Clearly, these targets will not be achieved in the foreseeable future. The infamous one-page document presented by the US to Iran, which was intended to serve as the basis for truce talks, reportedly called for an immediate cessation of hostilities between the US/Israel and Iran. It proposed a 30-day ceasefire and negotiation window during which a permanent settlement could be worked out, alongside the gradual reopening of the Strait of Hormuz. Iran’s shipping restrictions and the US naval blockade would be lifted incrementally. Iran’s nuclear programme would be limited in exchange for US sanctions relief, including the lifting of primary and secondary sanctions and the unfreezing of Iranian assets. The major point of contention remains the moratorium on Iranian uranium enrichment (the market estimate is allegedly a five-year bid from Iran versus a 20-year offer from the US). Other potential sources of disagreement include Iran’s enrichment capability and control of the Strait of Hormuz.
The Iranian answer arrived yesterday. Just by looking at oil prices this morning, it is painfully clear what it was.

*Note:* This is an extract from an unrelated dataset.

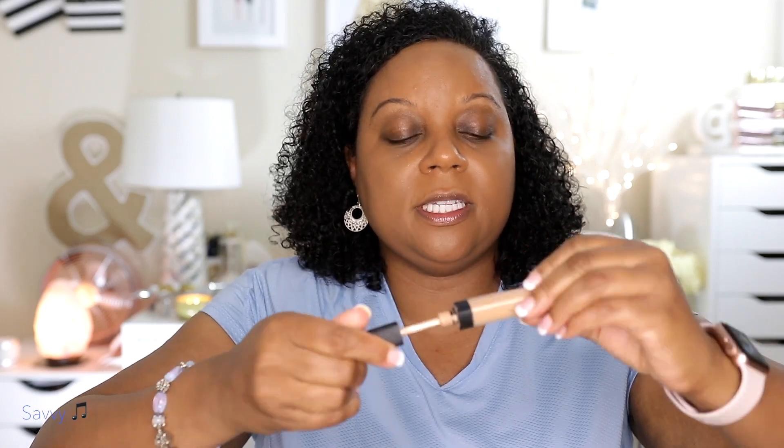I'm going to do concealer here. This is my Radiant Creamy in Biscuit and I'm going to use two concealers. This one gives me the coverage I like, but sometimes I like to be a little brighter. So I'm going to go in with another one on top of this that doesn't cover as well. I want to see how this foundation holds up with my concealer. There's a concealer that goes with this foundation, but I didn't really want to buy it because I have so many products right now and I'm just trying not to over-purchase.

It included Iranian demand for war reparations and control over the Strait. It is a nonstarter for the US or, in the words of President Trump: ‘I don’t like it – TOTALLY UNACCEPTABLE’. Iran clearly believes that time is on their side. We will find out soon enough whether the forthcoming US-China summit will change this attitude. US concessions regarding Taiwan might nudge China toward pressing Iran to reopen the Strait. Conversely, excessive Chinese demands on trade and AI could alienate the US President and lead to renewed escalation in the conflict. This geopolitical chessboard contains far more than 64 squares.